Create new instant visual feedback.
What are previews
- This is simply a code snippet to make and display a view, using new #Preview macro makes it easy
- Designed to iterate faster, the minimal code will be recompiled when you make changes in your code to redisplay the preview
- They don’t emulate your code.. they are code
Writing previews
- Start with the macro #Preview
- Add one or more trailing closures of content
- You can configure the preview – Name it, or pass values
- You can preview Views and Widgets
- For Views:
- For SwiftUI, you can place the view in other views, like List{ YourView() }
- You can pass a name and configuration traits
- You will not see the canvas unless there is a Preview in the file. In one of three modes see buttons on bottom left of the canvas window, Live, Selection (or static mode), and Variants (show multiple versions by types).
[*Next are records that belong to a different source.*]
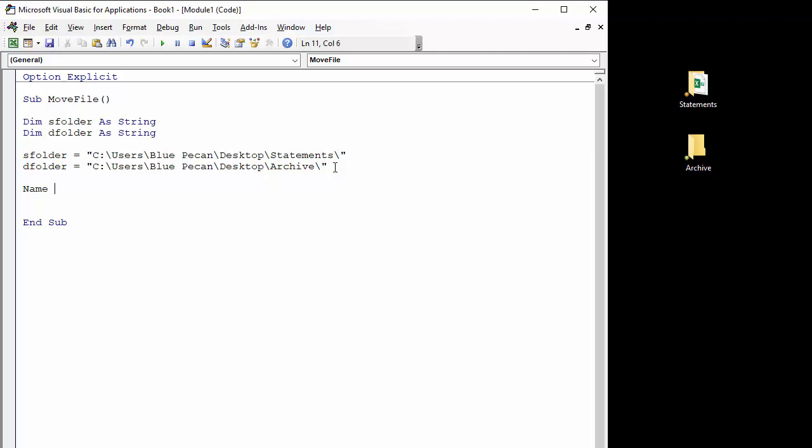So to do this we can use those variables that we've already defined. So we can say S folder, but then you need to concatenate that path with the name of your file. So we can say April 2018 dot xlsx.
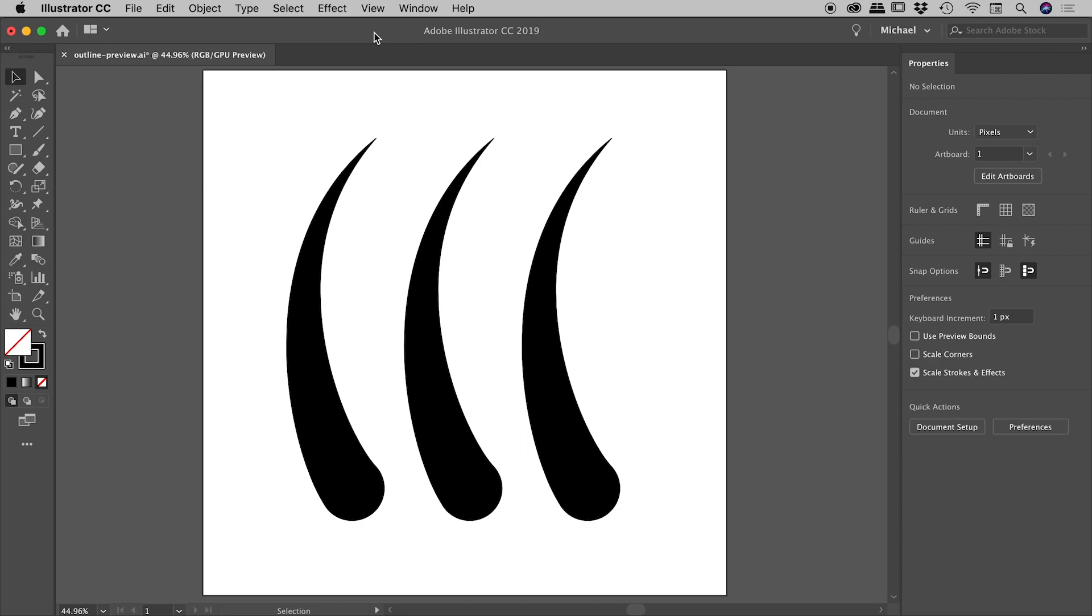When designing in Illustrator, it's not always obvious what something is. For example, these three elements on screen look the same visually, but they actually aren't.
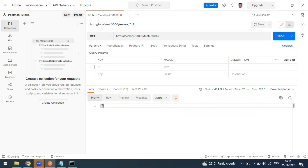Anything in the 400 series is a client error — we are the client. If you make a mistake, you will get a 400 series response: 400 Bad Request, 401 Unauthorized, 404 Not Found, or 409 Conflict. That is what we covered for the GET request in Postman.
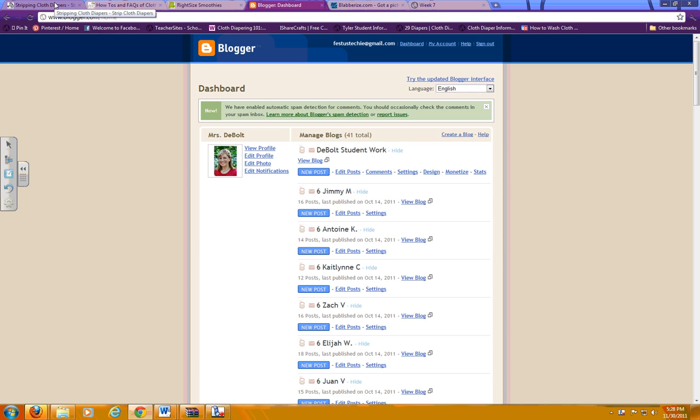This video is to show you how to turn in your Blaberize project, whether it be for the planets, or arguing opposing sides, or whatever you may be doing in class. This is how to turn in a Blaberize project on the Student Work blog.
- Multi cursor editing via Cmd-Option-E
- You have a settings mode to change type size, dark mode, etc.
- For Widgets:
- There are two kinds, Timeline Provider (with individual entries)
- Timeline Provider
- Preview Widget, timeline provider, and families to use for previewing (this is a variadic list
- You get animations by default if you step thru the timelines
- You an craft specific entries to set the values you’d like to see
- At this point in the video, I stopped and went over to my app Wasted Time and changed the Widget previews to use this new configuration. I know I have a bug in my widget I’ve not been able to resolve yet, and figured by setting this up I would be able to debug better. Now, what I noticed is that I had to add .containerBackground( (some color), for: .widget) to my widget’s to get the previews to work.
- Now back to the session
- You can Pin a preview so that when you go to other views,
- Live Activities (just set attributes and pass in set of states to test)
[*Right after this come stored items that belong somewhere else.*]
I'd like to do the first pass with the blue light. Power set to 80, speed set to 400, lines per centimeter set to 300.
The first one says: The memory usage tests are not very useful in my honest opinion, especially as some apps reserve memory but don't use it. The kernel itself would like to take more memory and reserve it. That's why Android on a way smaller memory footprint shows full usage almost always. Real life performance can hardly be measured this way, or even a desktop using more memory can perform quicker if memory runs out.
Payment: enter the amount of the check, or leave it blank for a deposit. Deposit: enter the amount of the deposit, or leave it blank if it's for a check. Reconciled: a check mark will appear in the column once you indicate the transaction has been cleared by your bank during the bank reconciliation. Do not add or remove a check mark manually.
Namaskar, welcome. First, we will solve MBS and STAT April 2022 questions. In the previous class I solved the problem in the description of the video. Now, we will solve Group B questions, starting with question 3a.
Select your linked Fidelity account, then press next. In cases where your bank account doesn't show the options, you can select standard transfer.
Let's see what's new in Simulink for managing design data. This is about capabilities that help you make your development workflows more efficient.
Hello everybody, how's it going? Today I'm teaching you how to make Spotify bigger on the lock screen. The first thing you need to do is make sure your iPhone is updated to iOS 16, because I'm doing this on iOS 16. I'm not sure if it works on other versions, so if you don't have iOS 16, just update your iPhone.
- Check out Bring Widget to Life for more
Previews in your project
- Previewing in Libraries
- Library targets can be used in any project
- You need to have an example app to run previews, could be your app, or something else which can be derived from the active Scheme, or it can make an app called XCPreviewAgent to load your preview automatically.
- If you turn your app into libraries you can create more efficient schemes for build times.
- You can also create simple preview-only apps to specify needed entitlements, etc. (like needing the photo library entitlement). You will need to set a dependency and then embedded this app in your library
- Providing sample assets
- To add in data to your previews, you can add assists in your Preview Content Preview Assets library – by setting these as Assets for Development you can make sure that the build doesn’t include this in your product. To set this go to Build Settings of your project and filler on development assets, then. Add the path or drag the content folder to the pop over.
- Leveraging Devices
- You could leverage assets and data on an actual device for development. To do this, use the preview device picker at the bottom the canvas, under More you can see all similar devices you have added. You can pick my feature in the popup, if you plug in your device to your Mac, it will preview on that device. You will still have access to all the preview settings and configurations.